Provided data:
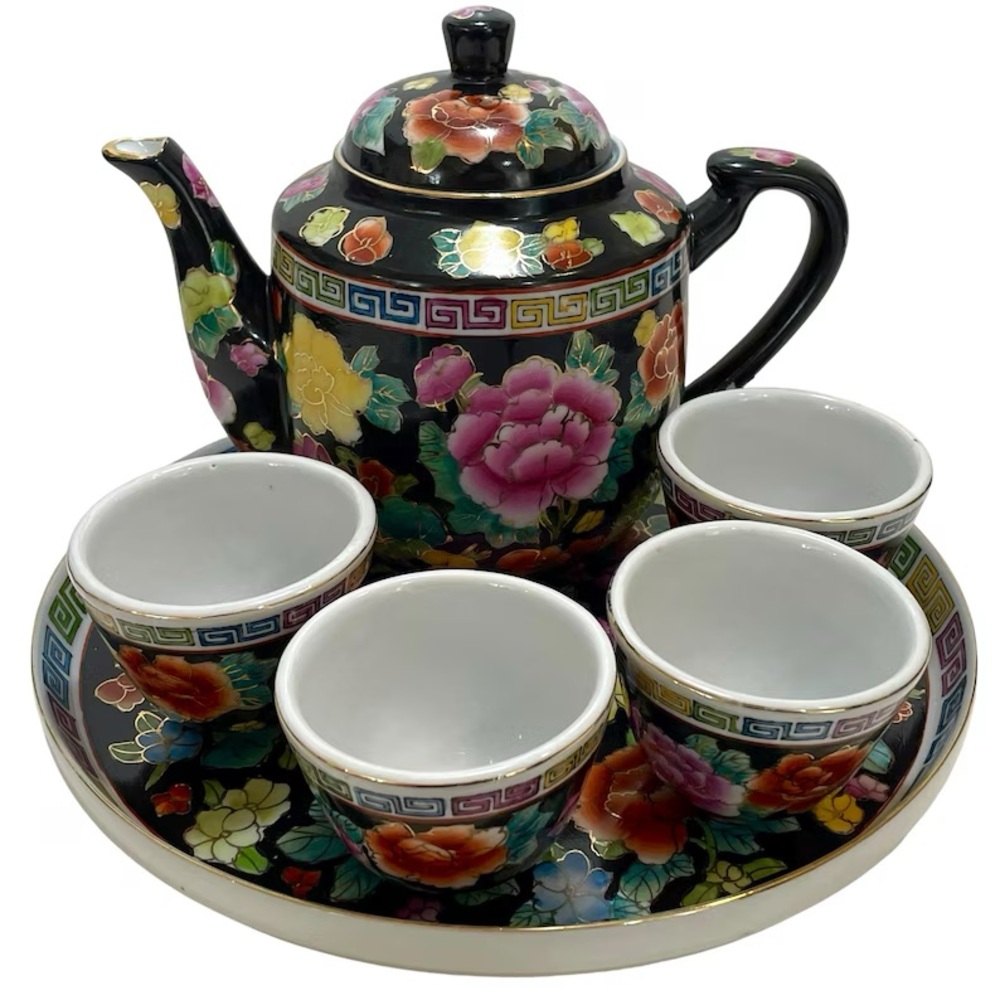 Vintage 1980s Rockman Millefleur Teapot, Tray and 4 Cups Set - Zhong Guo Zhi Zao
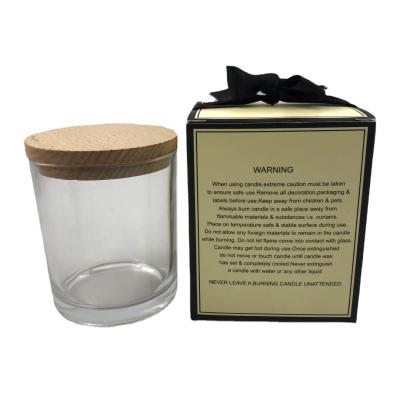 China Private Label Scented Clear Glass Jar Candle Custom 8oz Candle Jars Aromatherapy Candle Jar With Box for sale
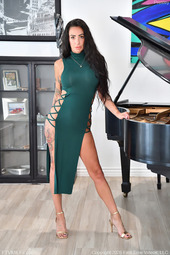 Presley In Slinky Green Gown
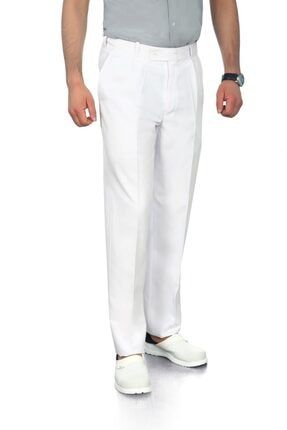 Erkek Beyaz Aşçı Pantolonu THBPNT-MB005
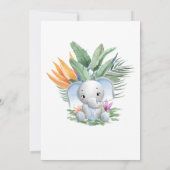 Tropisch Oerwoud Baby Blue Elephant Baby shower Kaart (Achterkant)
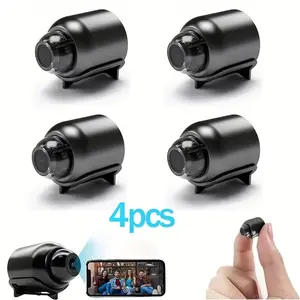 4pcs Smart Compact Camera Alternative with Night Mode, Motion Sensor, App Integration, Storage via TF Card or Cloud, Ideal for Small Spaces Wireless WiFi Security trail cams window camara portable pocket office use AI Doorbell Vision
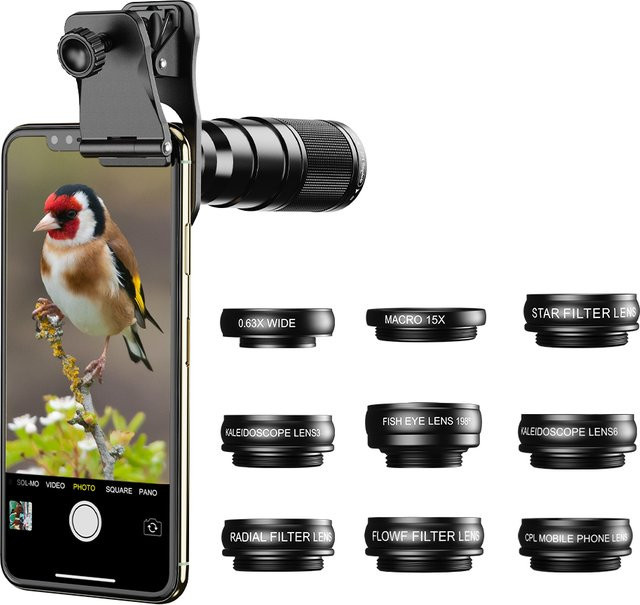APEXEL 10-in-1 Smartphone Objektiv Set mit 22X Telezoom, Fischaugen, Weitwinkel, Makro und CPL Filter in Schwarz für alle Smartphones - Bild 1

Aim of the task: Exact copy, pictures excluded: from the line with "Erkek Beyaz Aşçı Pantolonu THBPNT-MB005" up to and including the line with "4pcs Smart Compact" in the data above.

Answer to this problem:
 Erkek Beyaz Aşçı Pantolonu THBPNT-MB005
 Tropisch Oerwoud Baby Blue Elephant Baby shower Kaart (Achterkant)
 4pcs Smart Compact Camera Alternative with Night Mode, Motion Sensor, App Integration, Storage via TF Card or Cloud, Ideal for Small Spaces Wireless WiFi Security trail cams window camara portable pocket office use AI Doorbell Vision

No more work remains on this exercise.